RECORDS TO PROCESS:
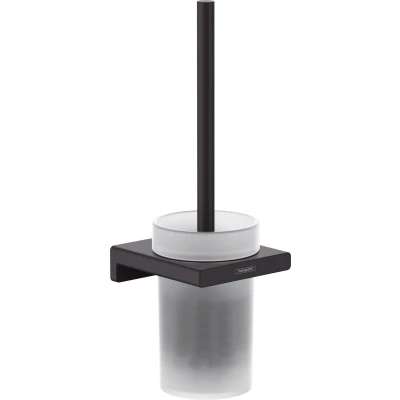 Imagen de hansgrohe AddStoris Escobillero WC de pared, negro mate, 41752670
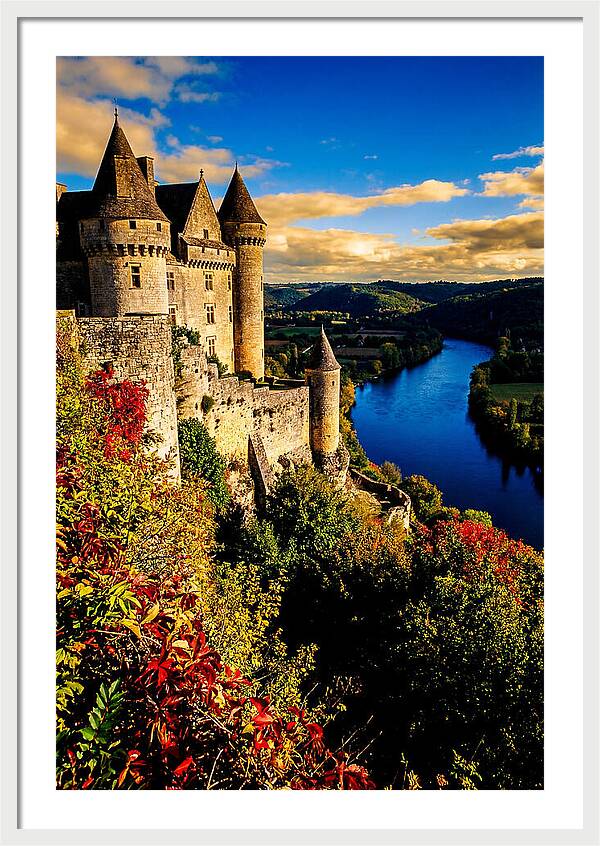 Dordogne River View From Chateau De Beynac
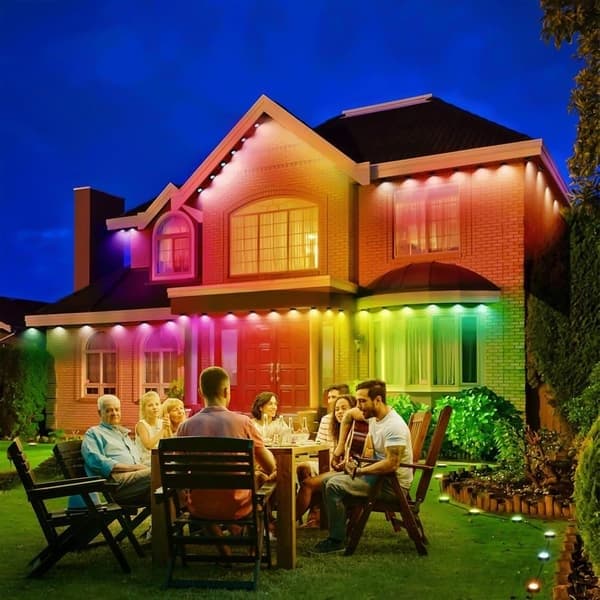 Nordlys Stjernehimmel Projektorlampe – Stemningsfull Månelampe, Romantisk Nattlys, Geometrisk Design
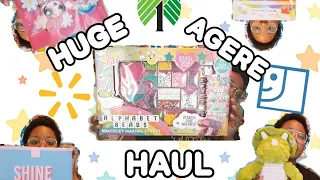 HUGE AGERE HAUL!! ♡Walmart, Dollar Tree, Thrift Stores♡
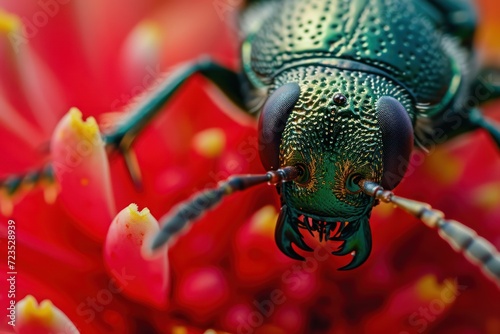 Close-up photo of an insect on a flower © Jang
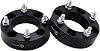 Black Forged 4x4 Golf Cart Wheel Spacers 1.5 Inch with 1/5cm Screws Compatible EZ GO EZGO Club Car (4x101.6mm Screw Pattern 62 Center Hole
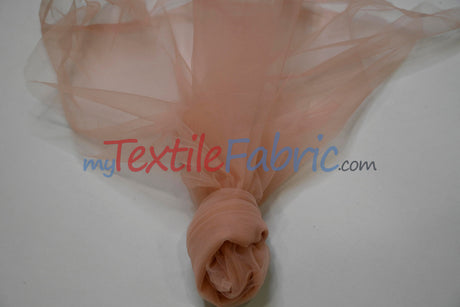 Micro Mesh Polyester Fabric - Sheer Soft Stretch Tulle, 58/60" Width, Multiple Colors (1 Yard)
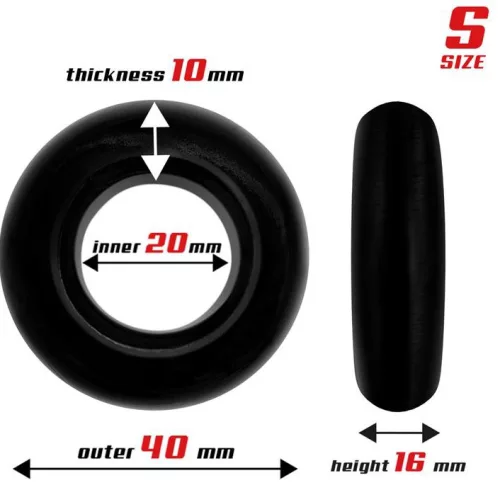 3 puha kakasgyűrűből álló készlet Beast Ring Black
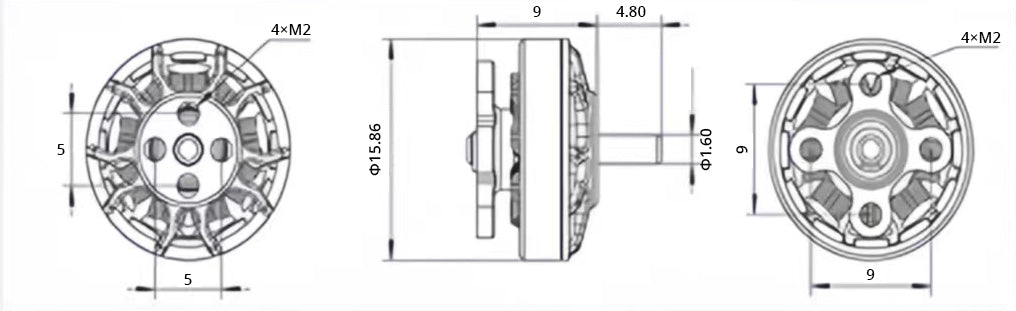 Flywoo ROBO 1202.5 11500kv Gold/Purple FPV Motor for Ultralight Drones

EXERCISE REQUIREMENTS: Although pictures appear among the entries, please set down only the lines from the one with "Black Forged 4x4" up to and including the one with "3 puha kakasgyűrűből", word for word.

RESPONSE:
 Black Forged 4x4 Golf Cart Wheel Spacers 1.5 Inch with 1/5cm Screws Compatible EZ GO EZGO Club Car (4x101.6mm Screw Pattern 62 Center Hole
 Micro Mesh Polyester Fabric - Sheer Soft Stretch Tulle, 58/60" Width, Multiple Colors (1 Yard)
 3 puha kakasgyűrűből álló készlet Beast Ring Black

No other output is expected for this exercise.